It can be a challenge for leaders to stay in touch with their workforce as the company grows. It's an even bigger challenge for employees to understand what their CEO is expecting of them, when there are so many steps in between them. As with many other endeavors, maybe the solution is just to talk it out.
If you've ever worked in an early stage startup, you probably know the concept of a hands-on CEO. A founder who is still involved in most of the aspects of the company, his or her vision is clear, and it's reflected in everything that comes out of the business. It's a great feeling to get a pat on the back by the person who is putting everything he owns on the line to build this business. As companies grow, CEOs inevitably have to remove themselves from the majority of the day to day operations. They suddenly become more involved in general strategy, pitches to investors, and sales conferences. Not that it's a bad thing, it's actually the right thing to do. Arguably the most important skill a manager can develop is the ability to delegate.
Walk the line.
However, the danger in such a process is that employees become disconnected to the person at the helm of the organization they work for. It's a thin line between being a busy CEO and being the kind of CEO you see once during that yearly town hall meeting. That's how things get lost in translation, and people start to get demotivated. That is why your CEO should have an internal blog. Whatever platform you choose to host it on, make sure it's consistent (at least once a month), and that employees have the option to comment on every post. This should be an occasion for your boss to voice his concerns, to celebrate success, to correct alignment on various issues, to reinvigorate the troops. These posts should feel authentic, and deal with issues that are going on at all levels of business.

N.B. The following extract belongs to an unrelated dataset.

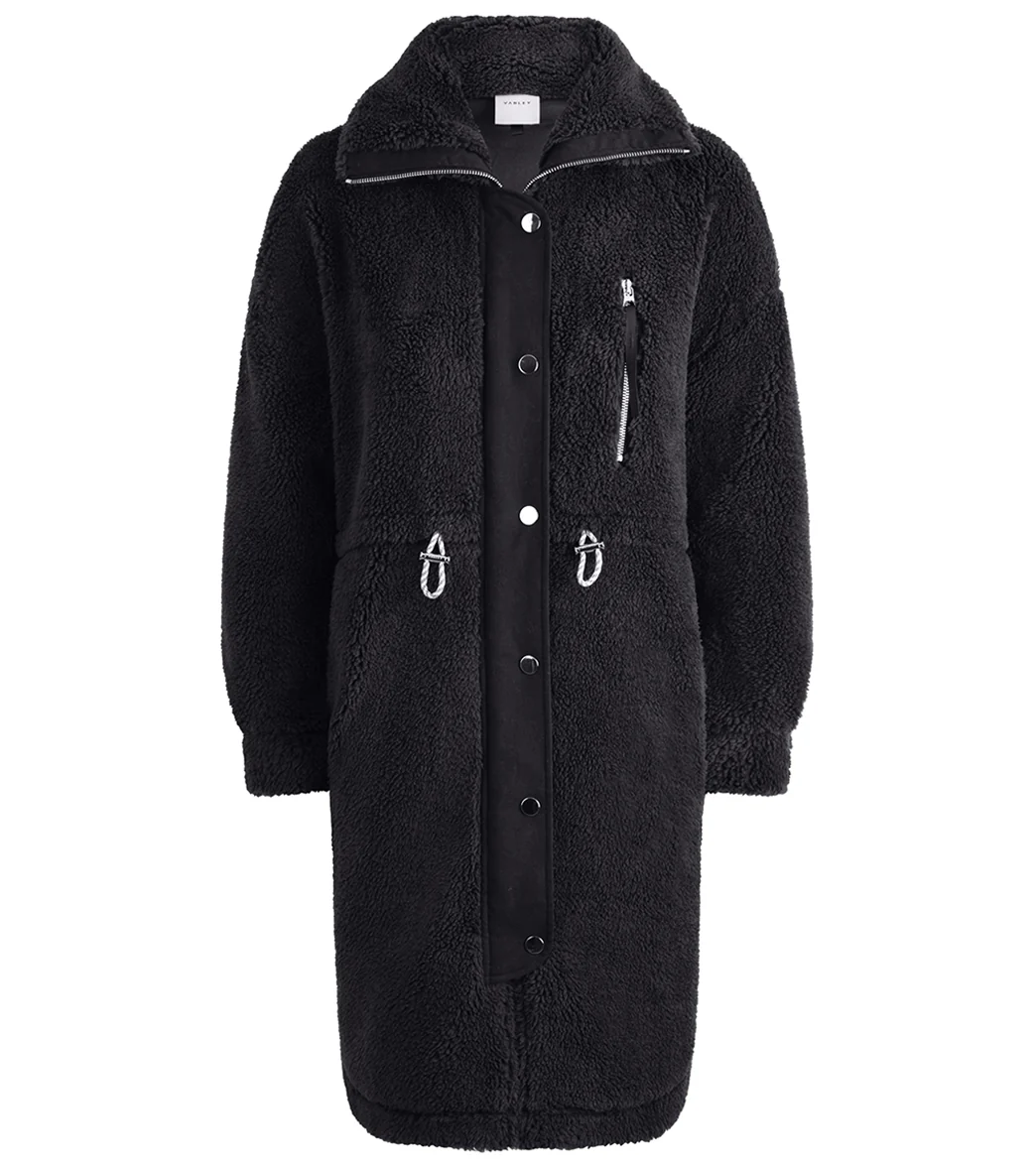 Varley Jones Coat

The old culture where you listen to the CEO and don't say anything is thankfully starting to go away. Allowing employees to comment on these posts might sound dangerous at first, but you'll realize that people are usually very watchful when their name is tied to any writing. It also allows employees to get the information straight from the source. In some cases that wouldn't be a huge deal, but for a lofty thing like company vision, you want to hear it from the person who came up with it. It's the only way you'll actually get everyone on the same page.
The key here is really about being transparent. I'm not saying you should publish your earnings report to the whole company. However, let them in on the general strategy. Make it more personal than the deck you show to all the investors, put it in words that your workforce will actually understand. Soon you'll hear those words being quoted in meetings, you'll find them in official company communications, the actions of your managers will be more focused. A CEO blog might seem like a tiny step, but it is the beginning of something much bigger. It's the start of a common vocabulary. It gets all the employees thinking the same way, working towards a universal goal. We too often forget it, but that is the true core of a company culture.